▸ What is being asked
Every line below needs to be returned exactly as written.

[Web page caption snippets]
---
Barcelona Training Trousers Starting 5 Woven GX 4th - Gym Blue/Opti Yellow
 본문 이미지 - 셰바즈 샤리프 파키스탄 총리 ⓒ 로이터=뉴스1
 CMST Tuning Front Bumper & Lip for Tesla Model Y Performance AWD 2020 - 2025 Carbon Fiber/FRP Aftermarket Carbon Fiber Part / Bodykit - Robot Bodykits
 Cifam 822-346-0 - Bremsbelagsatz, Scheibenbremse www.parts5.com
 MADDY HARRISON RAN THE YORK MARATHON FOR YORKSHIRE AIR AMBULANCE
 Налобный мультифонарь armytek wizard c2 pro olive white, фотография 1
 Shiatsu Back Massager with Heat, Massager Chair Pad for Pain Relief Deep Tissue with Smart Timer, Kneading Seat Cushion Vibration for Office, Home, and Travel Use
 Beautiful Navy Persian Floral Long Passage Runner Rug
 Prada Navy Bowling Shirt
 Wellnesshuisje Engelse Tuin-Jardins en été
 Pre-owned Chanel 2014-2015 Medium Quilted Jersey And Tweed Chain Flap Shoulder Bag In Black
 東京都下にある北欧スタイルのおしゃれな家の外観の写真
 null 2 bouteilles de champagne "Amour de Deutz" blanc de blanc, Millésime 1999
---
▸ Your response
Barcelona Training Trousers Starting 5 Woven GX 4th - Gym Blue/Opti Yellow
 본문 이미지 - 셰바즈 샤리프 파키스탄 총리 ⓒ 로이터=뉴스1
 CMST Tuning Front Bumper & Lip for Tesla Model Y Performance AWD 2020 - 2025 Carbon Fiber/FRP Aftermarket Carbon Fiber Part / Bodykit - Robot Bodykits
 Cifam 822-346-0 - Bremsbelagsatz, Scheibenbremse www.parts5.com
 MADDY HARRISON RAN THE YORK MARATHON FOR YORKSHIRE AIR AMBULANCE
 Налобный мультифонарь armytek wizard c2 pro olive white, фотография 1
 Shiatsu Back Massager with Heat, Massager Chair Pad for Pain Relief Deep Tissue with Smart Timer, Kneading Seat Cushion Vibration for Office, Home, and Travel Use
 Beautiful Navy Persian Floral Long Passage Runner Rug
 Prada Navy Bowling Shirt
 Wellnesshuisje Engelse Tuin-Jardins en été
 Pre-owned Chanel 2014-2015 Medium Quilted Jersey And Tweed Chain Flap Shoulder Bag In Black
 東京都下にある北欧スタイルのおしゃれな家の外観の写真
 null 2 bouteilles de champagne "Amour de Deutz" blanc de blanc, Millésime 1999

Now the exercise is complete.